Yazmaya başladığımda aklımda böyle bir liste yoktu ama şöle bir baktımda mayıs ayında amma çok şey olup bitiyormuş ki illaki bir şeyler unutmuşumdur. Hakkaten acaipmiş.

NOT: Bir önceki yazı ile beraber blogda 100 yazıya ulaşmanın gururunu onurunu yaşadım. Umarım yıllarca üşenmemde daha çok 100ler yazarabilirim bu blogda. 101. yazıda vatana millete hayırlı uğurlu olsun :D

5 Mayıs 2009 Salı

Kahve Sevmem Ama Kahve Kokusuna Bayılırım

Genelde yazı yazarken gözlemlediğim şeylerden yola çıkarım. Bu seferde yine benzer bir şey söz konusu ama bir anlık olaydan lafı çok farklı yerlere getireceğim bir seyirde olacak. Evet efendim mevzuya başlığı açıklayarak başlamak gerekir sanıyorum.

Başlık bu gün fark ettiğim bir olay aslında. Ben normalde Türk Kahvesi yada Nescafe olarak adlandırdığımız hazır kahve çeşitlerini kullanan biri değilim. Bunların yerine çayı tercih ederim. Fakat öğleden sonra işte bir arkadaşım kupasına kaşık kaşık kahve doldururken kahvenin kokusunu derin derin içime çekerken buldum kendimi.

Ne yalan söyleyeyim çay içmeyi sevsemde en taze ve en demli çayda bile kahvenin bu dikkat çekici kokusunu alamam. Yinede aklımda kahve içmek geçmez. Fakat o koku yok mu o koku işte o bambaşka bir şey.

Daha sonra akşam eve dönerken aklıma geldi. Hayatta bazı şeyleri normalde kullanılan şekillerden farklı amaçlar için kullanırız. İşte bu ufak andan yola çıkıp bunun hakkında biraz kafa yorayım ; daha doğrusu bu tür şeyleri neden yapıyoruz onun hakkında bir şeyler yazıp çizeyim diyorum.
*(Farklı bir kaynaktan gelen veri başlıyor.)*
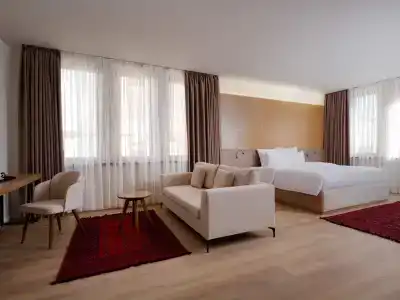 Mercure Bukhara Old Town - 46
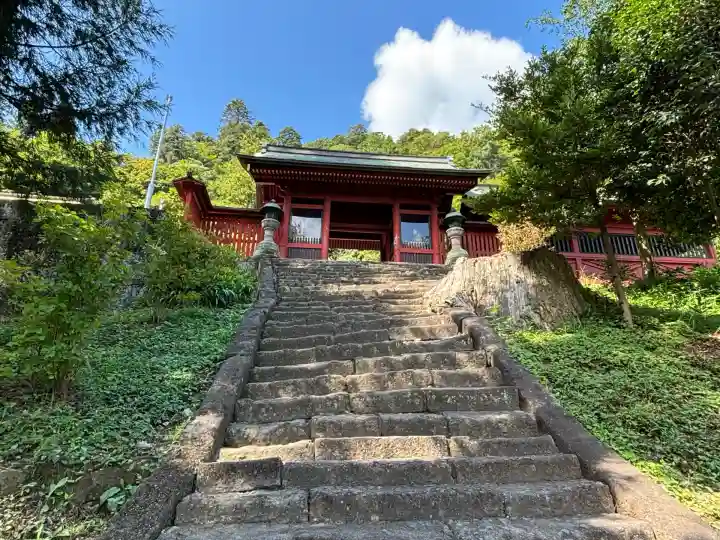 妙義神社(群馬県)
Ben kendi adıma öncelikle şunu söyleyebilirim. Bu tür farklılıkları yaşamaktan inanılmaz keyif alıyorum. İnsanların benle aynı şeye bakıp benim gördüğümü görememelerinin bir ego tatmini olduğunu itiraf etmem gerekiyor.

Bu itiraftan sonra konuya dönmek gerekirse; insan arada hayattan farklı şeyler bekliyor. Hatta bu beklentileri bazen normalde zevk almadığı şeylerden bile kaynaklanabiliyor. İşte bu noktada zevk almadığınız şeylerin zevk alınabileceği bir yönünü arıyor insan. Zaman zamanda buluyorlar bu tür farklı bir yönü.
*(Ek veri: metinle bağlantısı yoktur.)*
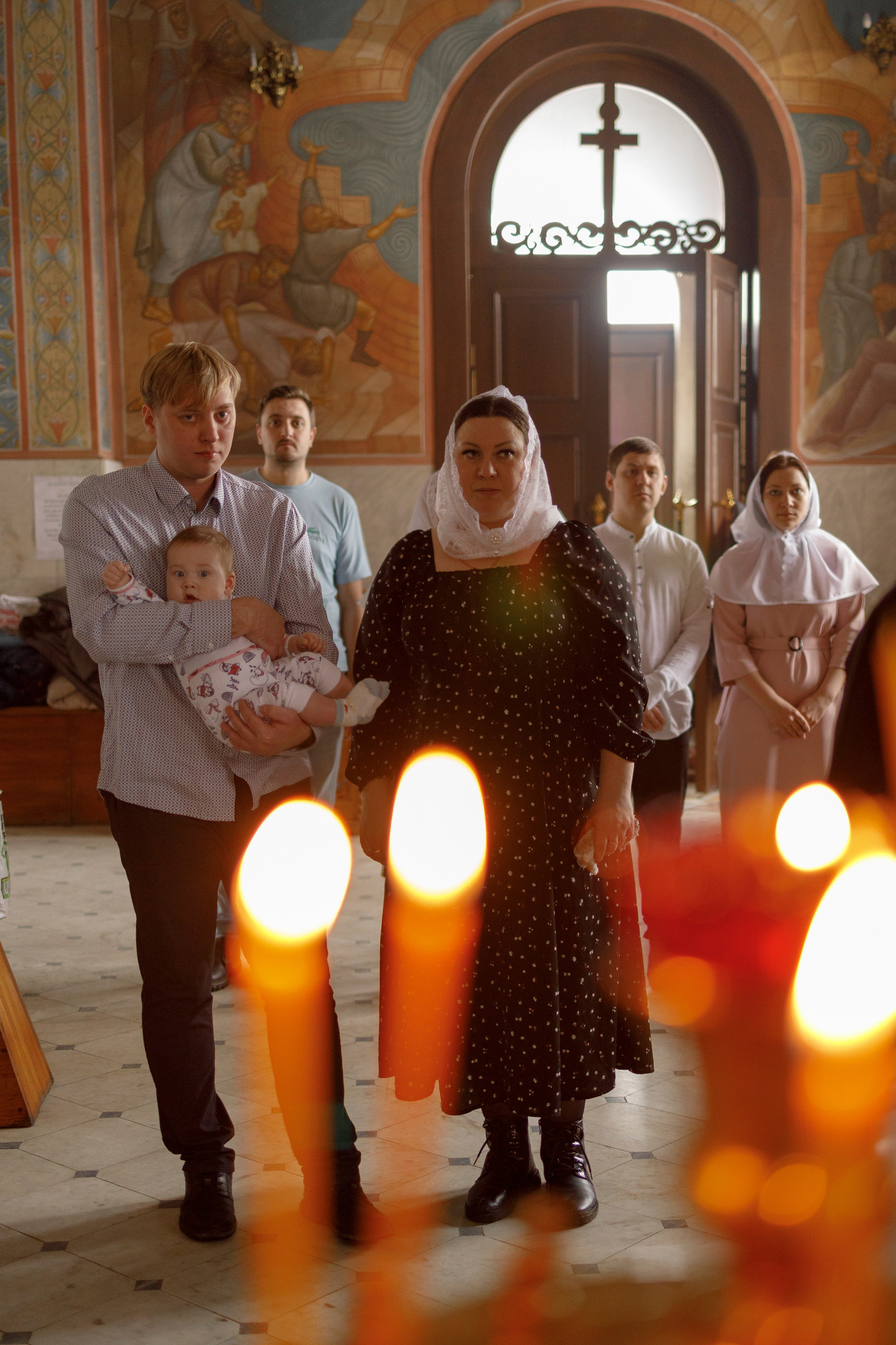 Крестины Лёвы. Фотограф, которого ты искал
Aslında bu yazıyı yazmaya karar verdiğimde buna benzer durumlar hakkında bir kaç örnek vereyim diye düşünüyordum. Ama yazdıkça fark ettimki bu duruma farklı örnekler vermektense durumun kendisi üzerinde durmanın daha doğru olacağına inanmaya başladım. Yada daha uygun örnekler aklıma gelmediğindende olabilir bu konuda kendimi tam anlamı ile ikna edemedim aslında.

Neyse efendim ne diyorduk işte bu durumlar insanın hayatına çok farklı renkler katıyor. Çünkü yaşadığımız hayatta artık o sadece böyle ufak şeylerle haleti ruhimizi değiştirebiliyoruz. Ancak çok ciddi depresyon anlarında insanlar büyük çaplı farklılıklar yapabildiğine ve kurulu düzenlerimizi ancak çaresiz kaldığımızda değiştirdiğimizde hayatta farklılaşmak için artık elimizde bir bu kaldı.

Asıl ilginç olan ise bende diğer bir çok insan gibi bu durumu çoğunlukla fark edemiyor. Hayat kendine başka yollar açarken hiç hissetmiyor, hiç çaktırmıyor. Fark ettiğinizde ise benim gibi tembellere bile böyle yazılar yazdırabiliyor.